[Records from a dataset]
--------
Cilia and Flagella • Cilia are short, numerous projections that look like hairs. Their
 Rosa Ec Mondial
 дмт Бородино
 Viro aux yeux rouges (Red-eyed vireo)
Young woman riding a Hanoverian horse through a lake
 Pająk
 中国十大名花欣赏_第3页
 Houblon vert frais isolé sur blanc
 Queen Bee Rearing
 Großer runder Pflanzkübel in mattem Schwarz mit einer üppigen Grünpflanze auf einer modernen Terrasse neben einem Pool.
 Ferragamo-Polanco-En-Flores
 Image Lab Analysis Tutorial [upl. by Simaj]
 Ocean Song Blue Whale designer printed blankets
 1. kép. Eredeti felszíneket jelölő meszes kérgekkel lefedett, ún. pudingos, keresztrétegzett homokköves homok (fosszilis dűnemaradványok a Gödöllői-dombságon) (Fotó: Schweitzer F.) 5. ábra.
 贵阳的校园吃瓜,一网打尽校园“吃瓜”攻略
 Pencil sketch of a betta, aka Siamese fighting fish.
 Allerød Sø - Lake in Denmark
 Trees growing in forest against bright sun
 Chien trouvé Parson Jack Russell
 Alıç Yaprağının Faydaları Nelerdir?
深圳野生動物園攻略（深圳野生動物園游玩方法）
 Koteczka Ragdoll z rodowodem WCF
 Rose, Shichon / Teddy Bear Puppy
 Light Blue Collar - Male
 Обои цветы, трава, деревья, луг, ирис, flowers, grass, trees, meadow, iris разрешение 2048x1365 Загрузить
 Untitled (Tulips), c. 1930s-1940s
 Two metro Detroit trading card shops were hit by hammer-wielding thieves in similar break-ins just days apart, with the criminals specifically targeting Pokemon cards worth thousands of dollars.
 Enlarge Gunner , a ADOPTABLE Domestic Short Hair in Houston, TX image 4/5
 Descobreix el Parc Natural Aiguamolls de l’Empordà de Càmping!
--------
◆ Activity: List every line above that holds the word "Blue".

◆ Output of the exercise:
 Ocean Song Blue Whale designer printed blankets
 Light Blue Collar - Male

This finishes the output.